Here there is the powerful surf below the ledge, a gentle color gradient on the horizon, some funky high clouds in the top right of the frame, an amazing coastline running along the left hand side of the frame, and a pesky pine tee standing tall over toward the top left corner. Add the precarious vantage point I was perched on overlooking a potentially pretty steep fall, and you can see that some compositional choices needed to be made.

Sticking with the 17-40mm zoom lens (looking back I wish I had used a longer telephoto to zoom in on the waves as they rolled in against the shoreline rocks), I experimented with a variety of compositions. Landscape versus portrait orientation, 17mm versus 40mm and everything in between. Tipping the camera up or down to include more sky or more foreground… all of these choices can lead to quite different photographs… and I have to admit, I really do enjoy the creative process of making sense of these choices and how they impact the scene.

Here’s a vertical-oriented composition from around the same area. This one was made about half an hour (6:20 a.m.) after the previous photograph, and as you can see, simply turning the camera on its side can have a dramatic impact on the composition. For some strange reason I tend to initially get drawn to vertical compositions, but I always try to remember to shoot something I like in landscape orientation too – that way I can take look at all options when I get back home.

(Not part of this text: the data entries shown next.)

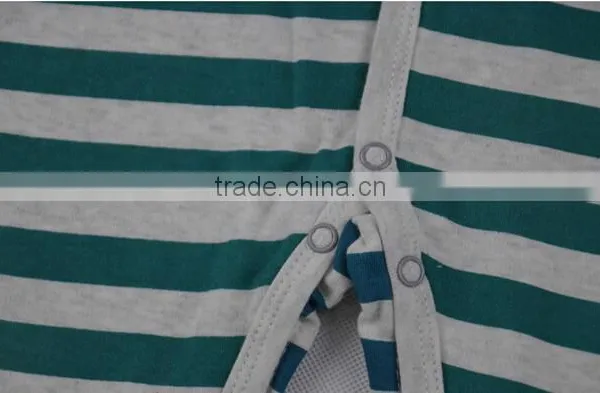 High Quality Lovely Newborn Infant Long Sleeve Wholesale Baby Snap Crotch Bodysuit Baby Clothes photo-4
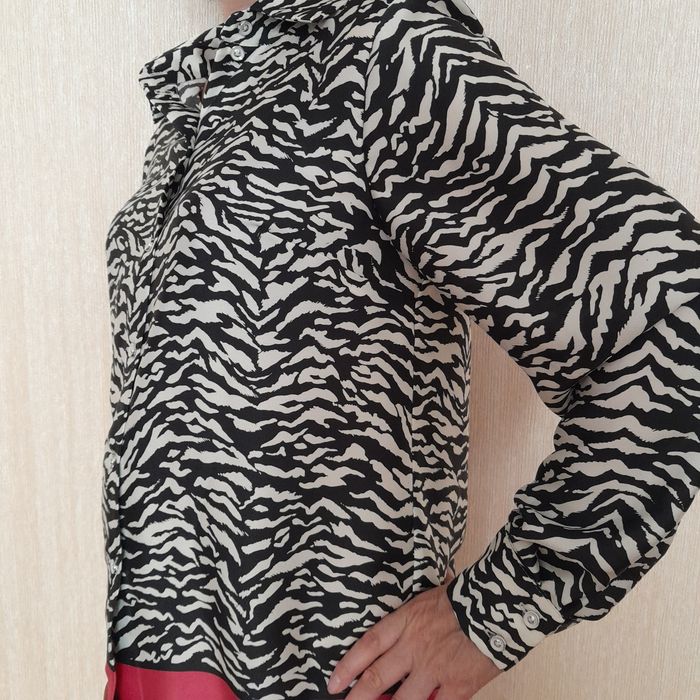 Блузка  из  итальянской ткани.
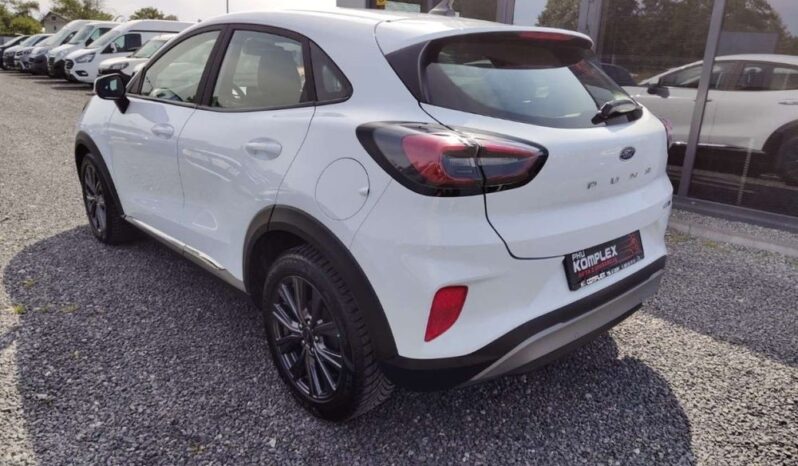 FORD Puma | FWD (przód) | Manualna | 125 KM | Biały full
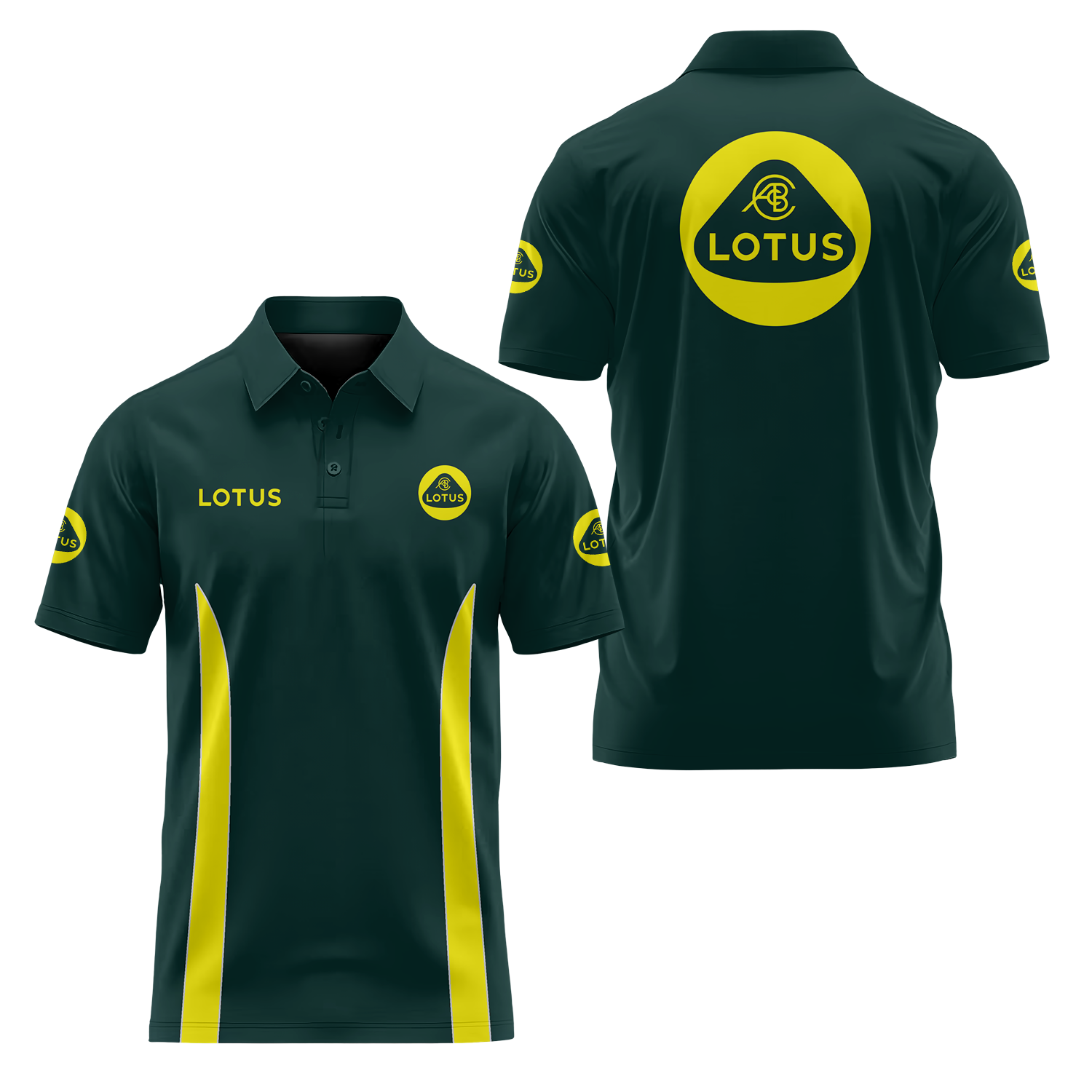 Lotus Short Sleeve Polo USPL2568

As much as I like the two compositions above, neither of them would make the cut if I were asked to pare the collection from this particular morning down. I think I am happiest with the composition shown below where I zoomed in to 39mm and tried to focus on just a couple of the many elements on display. Although I admittedly enjoy the wide angle effect (and might even be guilty of over-using it), in this photograph I think the composition benefits from the tighter focal length. So, yet another example of that well-worn phrase… sometimes, less is more.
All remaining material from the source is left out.